En la catedral de St. Patrick las velas de un dólar se han encendido una tras otra, sin descanso, agotando las existencias. Los vasos de cristal donde se ponen las velas, a los pies de las imágenes de los santos, se han roto debido al calor constante que han tenido que soportar.
Gente que no se hablaba desde hacía años se ha vuelto a poner en contacto. Los psiquiatras se están haciendo de oro. En Internet muchos desconocidos entablan amistades on line sólo para tener alguien con quien compartir las ansias de un mundo que de pronto parece desconocido. En Union Square y en Times Square se han dispuesto unidades móviles de radio y televisión en las que cualquiera puede pararse a contar sus propias anécdotas sobre el 11 de septiembre o dar rienda suelta a sus emociones. El sofisticado New York Times se ha transformado en un gran escenario abierto a lo humano: al diablo las tendencias y las modas snob. Desde hace semanas el periódico de la ciudad da espacio, sobre todo, a las angustias de millones de personas que, tras lo sucedido, se sienten acosados por una exigencia de significado a la que a menudo no encuentran respuesta.

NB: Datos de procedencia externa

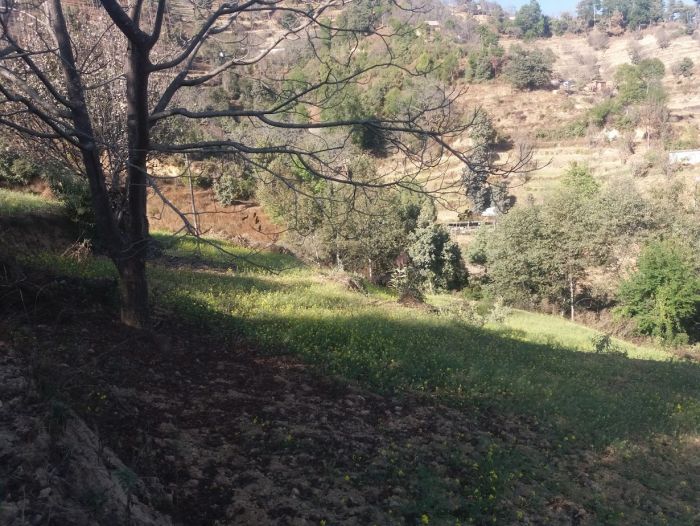 Land for sale in kathmandu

Como sucede con todo lo misterioso, quizá el 11 de septiembre esté destinado a producir frutos positivos inesperados. Fui al Yankee Stadium la tarde en la que volvían a jugar los Yankees (quizá ha sido esta la señal de que todo estaba preparado para volver a empezar) y canté por enésima vez God bless America, ahora convertido en el verdadero himno nacional americano. En aquel estadio no había una masa informe, había un pueblo. Si alguien se lo hubiera enseñado, habrían podido cantar el Non nobis.

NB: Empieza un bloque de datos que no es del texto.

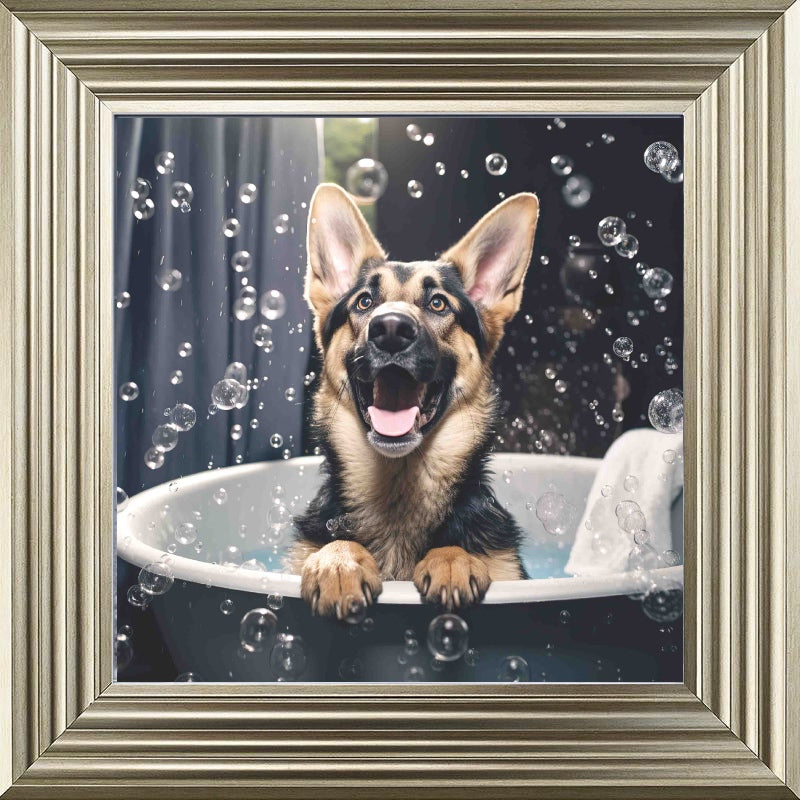 German Shepard Bath Time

Es el pueblo que había construido las Torres Gemelas con un ímpetu semejante al de los constructores de catedrales hace mil años, y que ahora las reconstruirá todavía más hermosas. Me vienen a la mente las palabras de Giorgio Vittadini, pronunciadas desde la otra orilla del Océano: «Estoy completa y totalmente apasionado por los que construyeron las Torres Gemelas, porque las construyeron para la comunidad en que vivían. El punto de partida es la pasión hacia cualquiera que intente plasmar algo que sea noble y justo».